(Toronto, Nov. 5, 2020) – The following is a statement from Camille Quenneville, CEO, Canadian Mental Health Association, Ontario Division, in reaction to today’s provincial budget:
“Exactly one week ago, on Oct. 29, the premier told reporters that the mental health of Ontarians is his government’s number one priority. But judging from today’s budget, that’s not the case. The budget did not include any new funding.
“The impact of the pandemic on people’s mental health has been profound. Ontarians are experiencing greater rates of anxiety, stress and depression fueled by social isolation, loneliness and other effects of this pandemic.

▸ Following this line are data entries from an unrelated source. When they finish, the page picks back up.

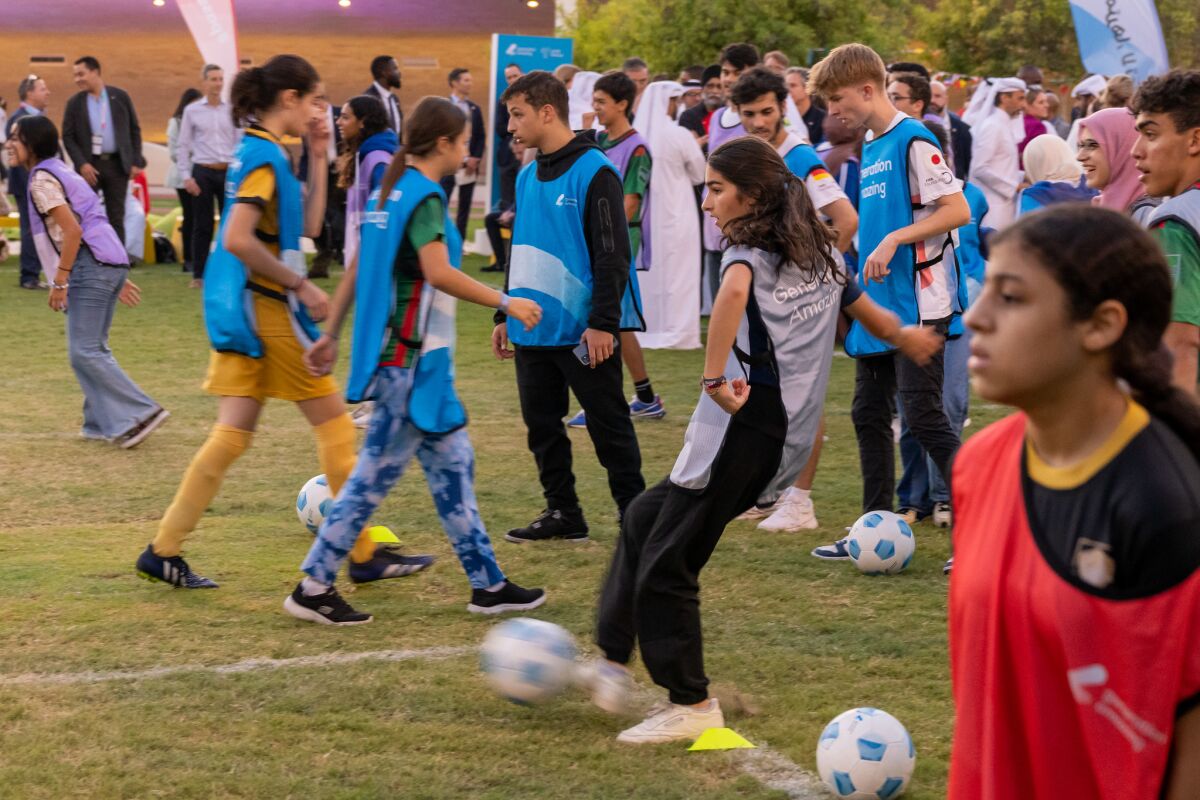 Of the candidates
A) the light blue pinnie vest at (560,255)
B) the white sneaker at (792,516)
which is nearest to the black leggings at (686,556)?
the light blue pinnie vest at (560,255)

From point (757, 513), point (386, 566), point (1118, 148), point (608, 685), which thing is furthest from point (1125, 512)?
point (757, 513)

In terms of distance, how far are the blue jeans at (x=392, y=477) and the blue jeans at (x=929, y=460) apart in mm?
2679

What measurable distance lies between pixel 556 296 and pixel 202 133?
11575 mm

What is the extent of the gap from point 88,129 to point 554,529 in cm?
1157

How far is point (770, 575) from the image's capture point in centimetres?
628

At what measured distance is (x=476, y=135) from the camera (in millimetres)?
19562

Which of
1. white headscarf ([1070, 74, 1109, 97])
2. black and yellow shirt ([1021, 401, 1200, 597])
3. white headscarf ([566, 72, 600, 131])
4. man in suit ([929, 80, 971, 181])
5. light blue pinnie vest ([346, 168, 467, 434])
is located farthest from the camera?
white headscarf ([1070, 74, 1109, 97])

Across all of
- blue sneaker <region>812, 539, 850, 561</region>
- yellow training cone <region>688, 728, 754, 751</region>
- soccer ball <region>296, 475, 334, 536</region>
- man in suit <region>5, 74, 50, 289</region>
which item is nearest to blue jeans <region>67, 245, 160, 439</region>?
soccer ball <region>296, 475, 334, 536</region>

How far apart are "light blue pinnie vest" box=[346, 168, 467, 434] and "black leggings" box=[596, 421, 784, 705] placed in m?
1.24

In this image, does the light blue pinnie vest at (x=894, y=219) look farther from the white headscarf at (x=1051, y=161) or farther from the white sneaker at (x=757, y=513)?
the white sneaker at (x=757, y=513)

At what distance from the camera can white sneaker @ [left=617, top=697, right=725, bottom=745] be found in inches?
171

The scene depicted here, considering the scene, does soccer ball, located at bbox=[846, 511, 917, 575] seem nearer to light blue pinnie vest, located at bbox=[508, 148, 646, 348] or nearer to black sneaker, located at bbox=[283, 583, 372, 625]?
→ light blue pinnie vest, located at bbox=[508, 148, 646, 348]

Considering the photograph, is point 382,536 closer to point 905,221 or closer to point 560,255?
point 560,255

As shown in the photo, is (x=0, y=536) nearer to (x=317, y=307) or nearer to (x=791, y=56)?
(x=317, y=307) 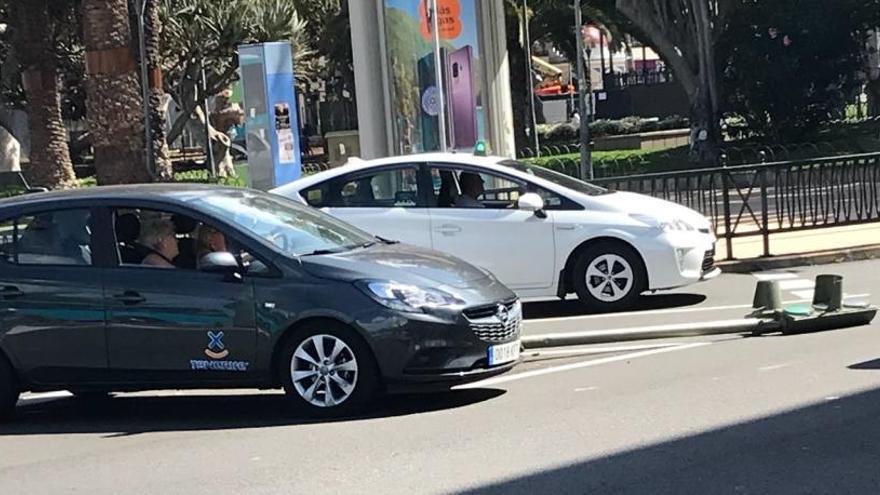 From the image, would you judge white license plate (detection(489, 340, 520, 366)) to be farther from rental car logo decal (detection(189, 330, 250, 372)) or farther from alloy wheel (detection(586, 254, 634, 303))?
alloy wheel (detection(586, 254, 634, 303))

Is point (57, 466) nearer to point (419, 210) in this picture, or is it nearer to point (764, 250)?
point (419, 210)

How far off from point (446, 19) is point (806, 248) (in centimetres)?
645

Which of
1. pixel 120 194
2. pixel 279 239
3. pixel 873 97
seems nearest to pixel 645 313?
pixel 279 239

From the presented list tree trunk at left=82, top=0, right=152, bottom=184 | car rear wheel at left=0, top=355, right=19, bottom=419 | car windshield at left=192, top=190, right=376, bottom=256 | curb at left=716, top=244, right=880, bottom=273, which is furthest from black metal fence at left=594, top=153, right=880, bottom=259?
tree trunk at left=82, top=0, right=152, bottom=184

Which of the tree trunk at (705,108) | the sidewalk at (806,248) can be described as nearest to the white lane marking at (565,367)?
the sidewalk at (806,248)

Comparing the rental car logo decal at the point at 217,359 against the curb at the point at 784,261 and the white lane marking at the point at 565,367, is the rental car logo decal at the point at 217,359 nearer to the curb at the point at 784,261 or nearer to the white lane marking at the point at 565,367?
the white lane marking at the point at 565,367

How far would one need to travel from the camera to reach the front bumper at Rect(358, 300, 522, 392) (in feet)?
26.1

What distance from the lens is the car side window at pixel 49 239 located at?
28.2 feet

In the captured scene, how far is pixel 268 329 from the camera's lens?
8148 millimetres

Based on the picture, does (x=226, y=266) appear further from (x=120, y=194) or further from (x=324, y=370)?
(x=120, y=194)

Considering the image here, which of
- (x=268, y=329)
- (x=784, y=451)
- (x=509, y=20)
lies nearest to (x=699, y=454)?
(x=784, y=451)

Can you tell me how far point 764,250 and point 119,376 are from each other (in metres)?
9.22

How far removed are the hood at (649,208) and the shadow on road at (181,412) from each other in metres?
3.74

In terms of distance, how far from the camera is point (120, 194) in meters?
8.72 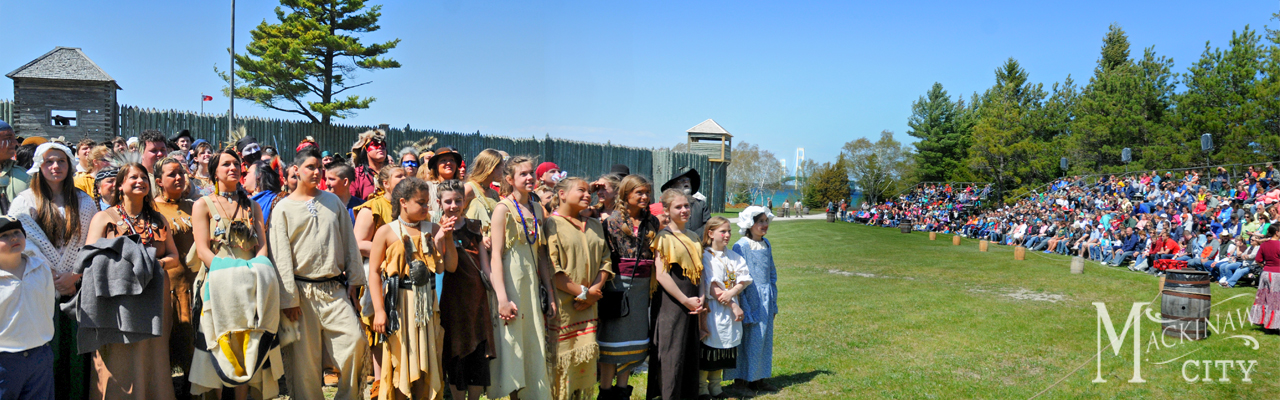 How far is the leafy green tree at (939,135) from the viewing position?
176 ft

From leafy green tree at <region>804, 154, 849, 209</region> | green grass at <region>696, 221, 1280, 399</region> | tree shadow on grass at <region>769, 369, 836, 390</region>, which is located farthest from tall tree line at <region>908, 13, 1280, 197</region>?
tree shadow on grass at <region>769, 369, 836, 390</region>

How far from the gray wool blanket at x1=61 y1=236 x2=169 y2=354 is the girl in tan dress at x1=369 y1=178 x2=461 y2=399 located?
108 centimetres

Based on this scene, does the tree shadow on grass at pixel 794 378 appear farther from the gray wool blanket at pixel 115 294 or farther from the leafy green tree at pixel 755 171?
the leafy green tree at pixel 755 171

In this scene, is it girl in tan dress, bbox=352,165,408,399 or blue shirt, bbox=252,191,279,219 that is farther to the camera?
blue shirt, bbox=252,191,279,219

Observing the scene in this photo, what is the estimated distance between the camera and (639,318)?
4.91 m

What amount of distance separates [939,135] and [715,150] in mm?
28422

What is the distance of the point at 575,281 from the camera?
4590 mm

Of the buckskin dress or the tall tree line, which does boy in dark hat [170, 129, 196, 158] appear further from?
the tall tree line

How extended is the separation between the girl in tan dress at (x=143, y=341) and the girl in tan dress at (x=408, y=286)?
1111mm

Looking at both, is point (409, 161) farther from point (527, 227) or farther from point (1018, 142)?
point (1018, 142)

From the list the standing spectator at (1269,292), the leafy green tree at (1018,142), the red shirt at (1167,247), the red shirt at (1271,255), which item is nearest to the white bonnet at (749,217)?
the standing spectator at (1269,292)

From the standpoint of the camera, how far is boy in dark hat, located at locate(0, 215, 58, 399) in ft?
11.0

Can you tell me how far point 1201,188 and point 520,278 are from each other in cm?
2430

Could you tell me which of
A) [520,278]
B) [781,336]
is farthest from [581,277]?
[781,336]
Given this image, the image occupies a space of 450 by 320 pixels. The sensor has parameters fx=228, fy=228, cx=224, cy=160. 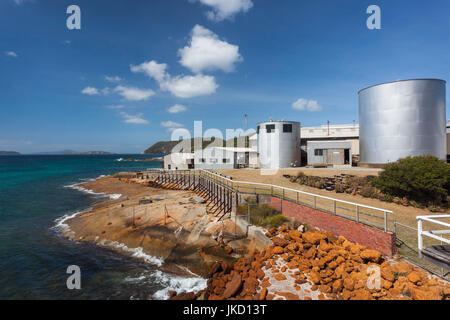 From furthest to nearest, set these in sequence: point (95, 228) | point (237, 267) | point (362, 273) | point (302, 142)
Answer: point (302, 142) < point (95, 228) < point (237, 267) < point (362, 273)

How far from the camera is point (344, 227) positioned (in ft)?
35.3

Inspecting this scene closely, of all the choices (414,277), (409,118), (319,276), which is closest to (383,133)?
(409,118)

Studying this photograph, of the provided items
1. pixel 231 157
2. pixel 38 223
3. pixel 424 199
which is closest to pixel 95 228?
pixel 38 223

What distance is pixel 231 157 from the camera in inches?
1457

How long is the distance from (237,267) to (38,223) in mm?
21396

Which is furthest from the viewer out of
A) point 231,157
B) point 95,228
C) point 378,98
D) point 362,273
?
point 231,157

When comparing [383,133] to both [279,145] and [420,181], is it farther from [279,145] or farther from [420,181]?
[279,145]

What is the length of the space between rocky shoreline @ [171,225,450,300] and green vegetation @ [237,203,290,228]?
1884 mm

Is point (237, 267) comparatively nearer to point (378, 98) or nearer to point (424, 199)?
point (424, 199)

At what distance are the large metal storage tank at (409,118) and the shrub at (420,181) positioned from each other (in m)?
9.27

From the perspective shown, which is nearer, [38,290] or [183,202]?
[38,290]

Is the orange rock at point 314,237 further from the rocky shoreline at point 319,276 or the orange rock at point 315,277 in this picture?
the orange rock at point 315,277

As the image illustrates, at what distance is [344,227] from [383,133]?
21.9 metres
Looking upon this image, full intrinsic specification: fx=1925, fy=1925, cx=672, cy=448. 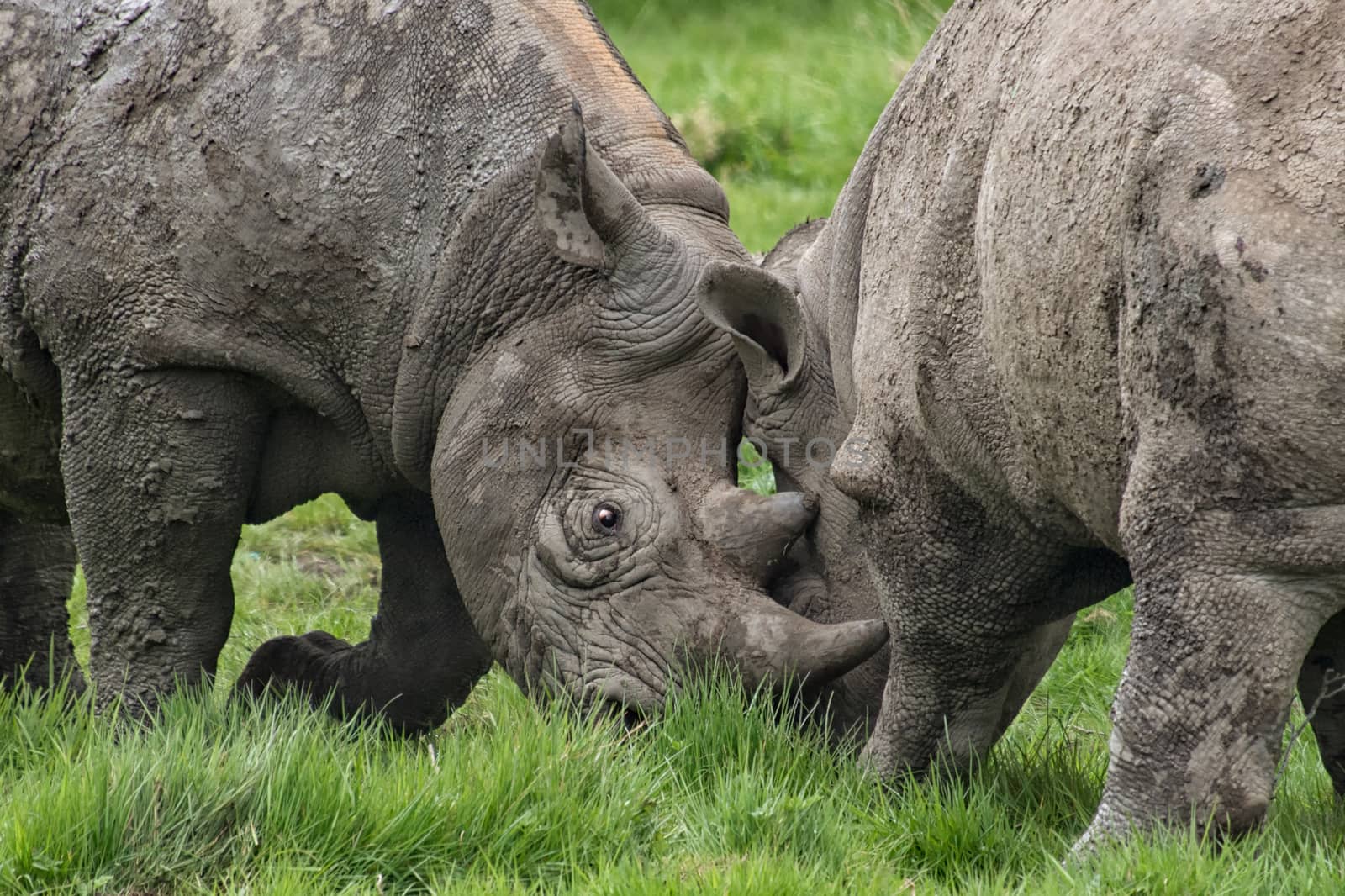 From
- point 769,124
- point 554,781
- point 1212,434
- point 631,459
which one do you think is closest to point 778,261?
point 631,459

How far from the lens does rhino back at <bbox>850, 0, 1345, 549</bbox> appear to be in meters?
2.99

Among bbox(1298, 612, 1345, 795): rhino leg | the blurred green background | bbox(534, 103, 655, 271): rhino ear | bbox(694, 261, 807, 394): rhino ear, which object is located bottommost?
bbox(1298, 612, 1345, 795): rhino leg

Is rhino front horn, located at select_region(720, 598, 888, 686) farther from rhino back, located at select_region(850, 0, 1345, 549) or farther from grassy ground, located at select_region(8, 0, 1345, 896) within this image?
rhino back, located at select_region(850, 0, 1345, 549)

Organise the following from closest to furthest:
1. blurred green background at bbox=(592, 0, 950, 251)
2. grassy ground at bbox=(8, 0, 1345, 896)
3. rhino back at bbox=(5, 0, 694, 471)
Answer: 1. grassy ground at bbox=(8, 0, 1345, 896)
2. rhino back at bbox=(5, 0, 694, 471)
3. blurred green background at bbox=(592, 0, 950, 251)

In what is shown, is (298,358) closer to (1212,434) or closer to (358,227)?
(358,227)

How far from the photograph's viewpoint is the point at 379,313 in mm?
4992

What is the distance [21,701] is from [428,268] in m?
1.65

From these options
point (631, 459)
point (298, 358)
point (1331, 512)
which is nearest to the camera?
point (1331, 512)

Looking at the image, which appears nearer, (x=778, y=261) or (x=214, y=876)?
(x=214, y=876)

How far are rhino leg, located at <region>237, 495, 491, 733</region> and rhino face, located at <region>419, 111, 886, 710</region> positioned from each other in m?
0.83

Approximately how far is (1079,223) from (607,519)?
1741 mm

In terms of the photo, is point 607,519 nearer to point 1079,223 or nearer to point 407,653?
point 407,653

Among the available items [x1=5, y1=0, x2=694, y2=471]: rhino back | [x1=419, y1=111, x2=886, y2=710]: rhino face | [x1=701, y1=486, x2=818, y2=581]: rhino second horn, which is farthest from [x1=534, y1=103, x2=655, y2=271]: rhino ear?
[x1=701, y1=486, x2=818, y2=581]: rhino second horn

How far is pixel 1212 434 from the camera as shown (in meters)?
3.07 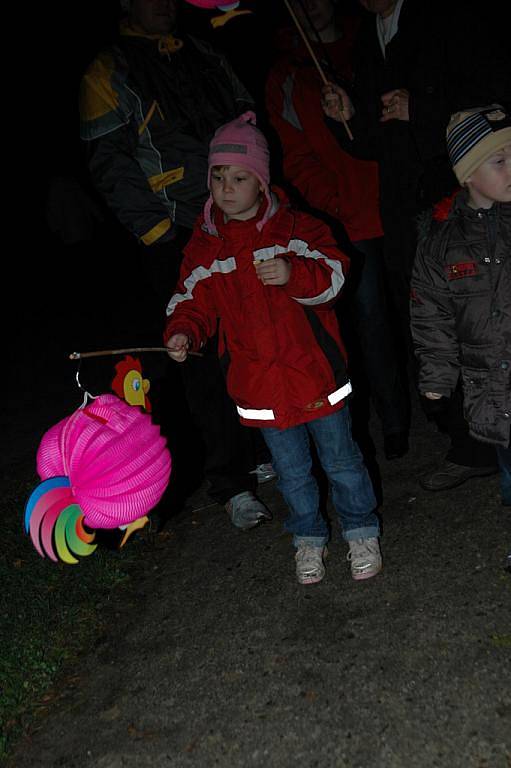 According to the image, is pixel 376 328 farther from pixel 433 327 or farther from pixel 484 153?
pixel 484 153

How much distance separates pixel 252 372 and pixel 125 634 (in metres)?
1.20

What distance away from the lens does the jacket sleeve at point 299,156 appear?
405cm

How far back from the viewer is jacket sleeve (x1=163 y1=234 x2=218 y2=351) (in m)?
3.18

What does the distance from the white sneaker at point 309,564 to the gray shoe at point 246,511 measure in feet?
1.70

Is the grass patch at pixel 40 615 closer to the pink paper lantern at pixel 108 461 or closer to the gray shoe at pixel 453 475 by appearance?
the pink paper lantern at pixel 108 461

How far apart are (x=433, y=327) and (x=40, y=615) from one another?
2.09 metres

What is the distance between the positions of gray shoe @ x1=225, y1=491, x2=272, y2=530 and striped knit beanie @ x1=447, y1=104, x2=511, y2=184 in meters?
1.81

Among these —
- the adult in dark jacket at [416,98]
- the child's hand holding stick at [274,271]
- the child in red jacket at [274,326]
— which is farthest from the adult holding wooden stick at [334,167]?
the child's hand holding stick at [274,271]

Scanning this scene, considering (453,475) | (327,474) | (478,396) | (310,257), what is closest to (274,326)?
(310,257)

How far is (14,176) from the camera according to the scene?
22391 millimetres

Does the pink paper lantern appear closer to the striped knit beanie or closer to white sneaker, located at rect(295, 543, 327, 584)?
white sneaker, located at rect(295, 543, 327, 584)

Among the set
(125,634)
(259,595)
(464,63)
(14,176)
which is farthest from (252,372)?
(14,176)

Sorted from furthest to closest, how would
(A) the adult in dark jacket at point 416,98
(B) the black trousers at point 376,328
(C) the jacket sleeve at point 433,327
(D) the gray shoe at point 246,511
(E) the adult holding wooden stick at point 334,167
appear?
(B) the black trousers at point 376,328, (E) the adult holding wooden stick at point 334,167, (D) the gray shoe at point 246,511, (A) the adult in dark jacket at point 416,98, (C) the jacket sleeve at point 433,327

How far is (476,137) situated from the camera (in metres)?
2.84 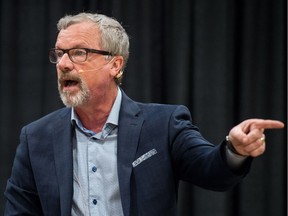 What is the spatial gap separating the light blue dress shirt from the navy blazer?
4cm

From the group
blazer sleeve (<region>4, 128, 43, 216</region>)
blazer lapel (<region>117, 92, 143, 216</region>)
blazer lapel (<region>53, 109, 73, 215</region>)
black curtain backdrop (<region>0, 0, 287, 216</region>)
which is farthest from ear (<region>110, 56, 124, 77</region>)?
black curtain backdrop (<region>0, 0, 287, 216</region>)

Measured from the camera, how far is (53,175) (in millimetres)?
1893

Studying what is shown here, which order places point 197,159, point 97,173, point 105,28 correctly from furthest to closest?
point 105,28 → point 97,173 → point 197,159

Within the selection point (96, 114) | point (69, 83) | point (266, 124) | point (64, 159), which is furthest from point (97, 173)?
point (266, 124)

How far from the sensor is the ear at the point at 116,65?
2.04 metres

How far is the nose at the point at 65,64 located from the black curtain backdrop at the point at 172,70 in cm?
129

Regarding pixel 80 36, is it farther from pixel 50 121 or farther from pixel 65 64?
pixel 50 121

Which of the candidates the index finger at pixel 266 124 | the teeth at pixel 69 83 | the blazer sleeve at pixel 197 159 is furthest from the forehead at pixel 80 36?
the index finger at pixel 266 124

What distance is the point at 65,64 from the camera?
6.24 ft

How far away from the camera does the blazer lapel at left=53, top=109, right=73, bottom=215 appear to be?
1832 mm

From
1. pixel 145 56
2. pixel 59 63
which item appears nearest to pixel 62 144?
pixel 59 63

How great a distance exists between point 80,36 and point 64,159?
1.46 feet

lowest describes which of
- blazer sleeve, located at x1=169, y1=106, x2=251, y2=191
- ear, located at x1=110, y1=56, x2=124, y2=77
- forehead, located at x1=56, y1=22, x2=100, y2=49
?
blazer sleeve, located at x1=169, y1=106, x2=251, y2=191

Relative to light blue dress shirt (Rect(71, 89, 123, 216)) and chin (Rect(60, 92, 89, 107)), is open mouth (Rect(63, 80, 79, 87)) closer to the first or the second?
chin (Rect(60, 92, 89, 107)) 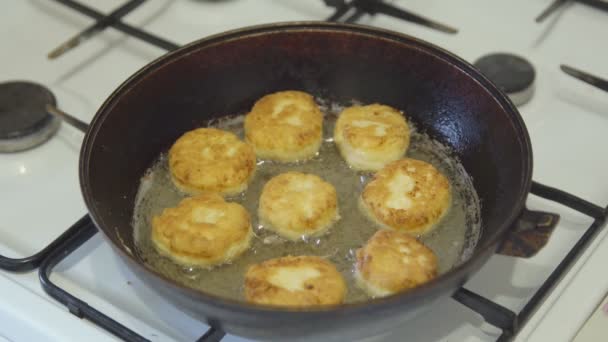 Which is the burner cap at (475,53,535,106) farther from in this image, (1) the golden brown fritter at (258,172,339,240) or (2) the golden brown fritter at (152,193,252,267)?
(2) the golden brown fritter at (152,193,252,267)

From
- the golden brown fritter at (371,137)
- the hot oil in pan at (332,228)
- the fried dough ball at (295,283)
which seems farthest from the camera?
the golden brown fritter at (371,137)

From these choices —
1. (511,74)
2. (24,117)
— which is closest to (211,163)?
(24,117)

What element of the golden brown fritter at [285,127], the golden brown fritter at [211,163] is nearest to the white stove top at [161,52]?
the golden brown fritter at [211,163]

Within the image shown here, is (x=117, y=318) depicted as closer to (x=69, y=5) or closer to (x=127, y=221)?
(x=127, y=221)

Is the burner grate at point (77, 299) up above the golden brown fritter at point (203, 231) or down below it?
below

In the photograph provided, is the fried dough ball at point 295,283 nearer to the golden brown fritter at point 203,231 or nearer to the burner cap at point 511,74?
the golden brown fritter at point 203,231

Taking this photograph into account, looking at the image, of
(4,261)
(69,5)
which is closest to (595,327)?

“Ontarians are also using more substances and, tragically, rates of opioid-related deaths are skyrocketing. The province’s chief coroner estimates opioid-related deaths are up 40 per cent since the pandemic began.
“COVID-19 has exposed how decades of underfunding has left holes in the mental health and addictions system. People struggling with depression, anxiety or substance-use issues often don’t know where to turn for help. When they do find a pathway to care, they may find that supports aren’t available or face long wait times.
“In contrast, if people break their arm or have high blood pressure, they know where to go for help, and help is usually available. Ontarians should have the same access to mental health and addictions treatment as they do with physical health problems.
“The most significant thing the government can do at this time is to help correct the decades of systemic underfunding in our sector and abide by its campaign promise to invest $3.8 billion over 10 years in mental health and addictions. Our sector has asked that this money flow at $380 million annually.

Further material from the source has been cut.